Rachel belonged to many organizations, including the State Historical Society of Wisconsin, the Academy of Natural Sciences of Philadelphia, the Cincinnati Society of Natural History, the New York Academy of Sciences, the American Chemical Society of New York, the Franklin Institute of Philadelphia, Pennsylvania, and the Educational Society of Philadelphia.
She passed away on June 15, 1888. In 1891, Emma H. Palmer, her friend and former student, proposed a Dean Bodley Memorial Fund for the Sharada Sadan school in India. This fund was to honor Rachel for her work in support of the efforts by Ramabai Sarasvati, a "high-caste Hindu widow," to establish this school for Hindu wdows in India (Emma H. Palmer to Eliza J. W. Armitage).
CHACE, Mrs. Elizabeth Buffum
December 9, 1806
anti-slavery agitator and reformer
Providence, RI
Elizabeth Buffum Chace, who toiled for the Anti-Slavery and women's suffrage causes, was born in Providence, Rhode Island, on December 9, 1806. Elizabeth married Samuel Buffington Chace in 1828 and the couple were parents to many children.
Her personal network included Samuel May, Jr., the celebrated minister and Anti-Slavery reformer of Leicester, Massachusetts, Susan B. Anthony, Ednah Dow Cheney, Frederick Douglass, Rowland Gibson Hazard, and Thomas Wentworth Higginson.

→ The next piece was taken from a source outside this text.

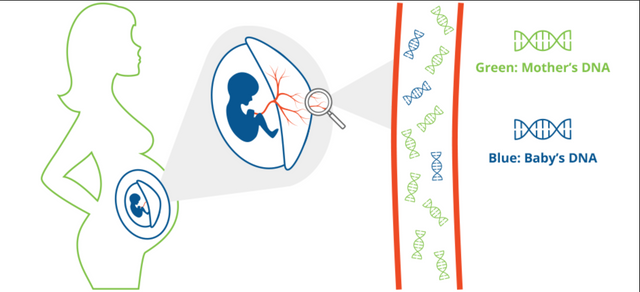 Conférence unique sur les tests prénataux non invasifs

In October of 1868, Elizabeth was selected as one of the Rhode Island delegates for the first meeting of the American Woman Suffrage Association (ASWA) in 1869. She also served as president at the Rhode Island Woman's Suffrage Convention that December. By 1874, she was one of the AWSA's Vice Presidents. In 1882, she was the Rhode Island vice-president of the Association for the Advancement of Women, a position she held for several years. She became one of the vice-presidents of The Free Religious Association of America in May of 1889.
Elizabeth recalled her life and work in her 1891 book Anti-slavery Reminiscences. She wrote about "Old Quaker Days in Rhode Island" for the August 1897 volume of New England Magazine.
She passed away on December 12, 1899, and was buried in Swan Point Cemetery in Providence.
Prima Donna Emma Abbott was born in Chicago, Illinois, on December 9, 1850. Sophia Curtiss Hoffman, Clara Louise Kellogg, and Dr. Edwin Hubbell Chapin were early supporters of Emma's career.
She trained in Europe and later became wealthy by touring throughout the United States with her Emma Abbott Grand Opera Company. Julie Rosewald also toured with Emma's Company.
Emma passed away in Salt Lake City, Utah, on January 5, 1891. She was buried in Oak Grove Cemetery in Gloucester, Massachusetts.